Under the assumption that the current epoch of the Universe is not special, i.e. is not the final state of a long history of processes in particle physics, the cosmological fate of $SU(3)_C \times U(1)_{\rm EM}$ is investigated. Spontaneous symmetry breaking of $U(1)_{\rm EM}$ at the temperature of the Universe today is carried out.
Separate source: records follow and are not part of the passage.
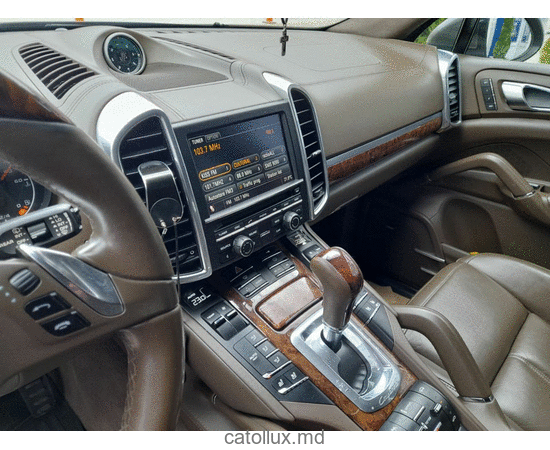 Automobil Porsche Cayenne 2010 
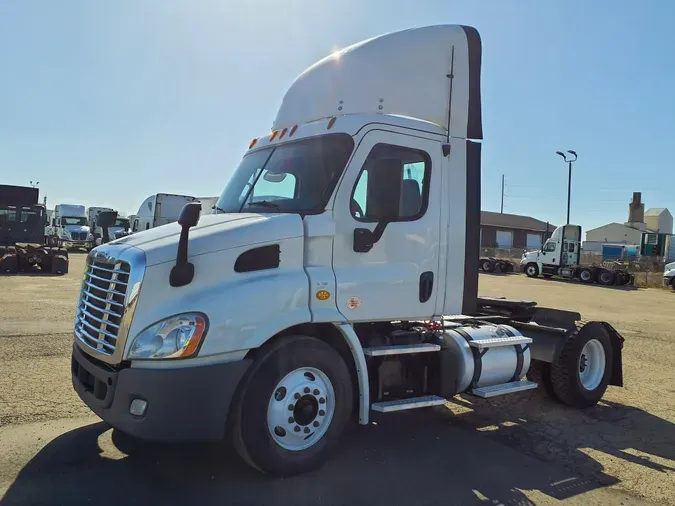 2017 FREIGHTLINER/MERCEDES CASCADIA 113383375aa46edba24d9c47bd000333063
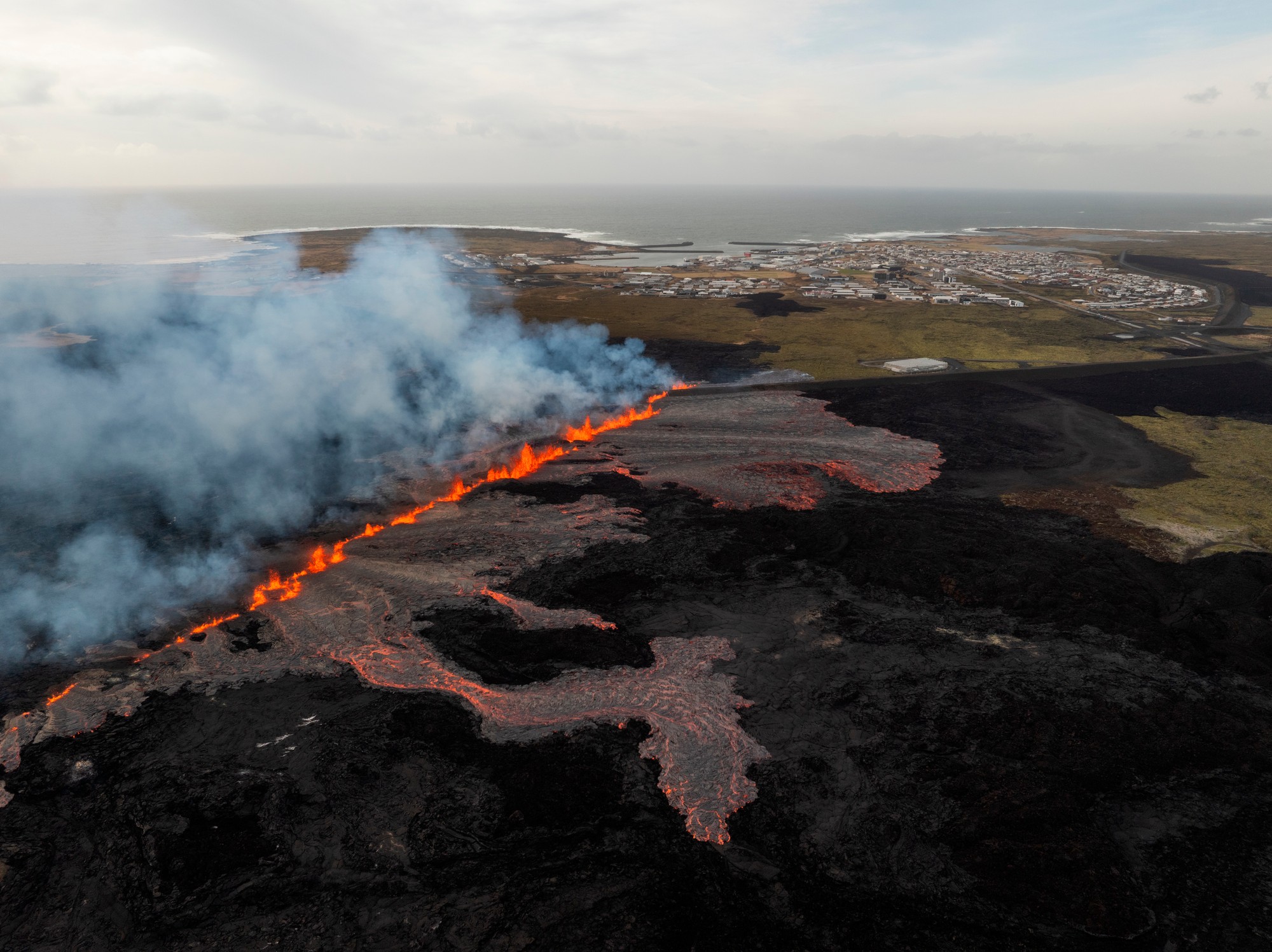 V blízkosti obce Grindavíku na Islande došlo 1. apríla 2025 k erupcii sopky.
The charged scalar field $\phi_{\rm EM}$ which breaks the symmetry is found to be ruled out for the charge of the electron, $q=e$. Scalar fields with millicharges are viable and limits on their masses and charges are found to be $q\lesssim10^{-3}e$ and $m_{\phi_{\rm EM}}\lesssim10^{-5} \rm eV$. Furthermore, it is possible that $U(1)_{\rm EM}$ has already been broken at temperatures higher than $T=2.7K$ given the nonzero limits on the mass of the photon. A photon mass of $m_{\gamma}=10^{-18} \rm eV$, the current upper limit, is found to require a spontaneously symmetry breaking scalar mass of $m_{\phi_{\rm EM}}\sim 10^{-13} \rm eV$ with charge $q=10^{-6}e$, well within the allowed parameter space of the model. Finally, the cosmological fate of the strong interaction is studied. $SU(3)_C$ is tested for complementarity in which the confinement phase of QCD $+$ colored scalars is equivalent to a spontaneously broken $SU(3)$ gauge theory. If complementarity is not applicable, $SU(3)_C$ has multiple symmetry breaking paths with various final symmetry structures. The stability of the colored vacuum at finite temperature in this scenario is nonperturbative and a definitive statement on the fate of $SU(3)_C$ is left open. Cosmological implications for the metastability of the vacua - electromagnetic, color and electroweak - are discussed.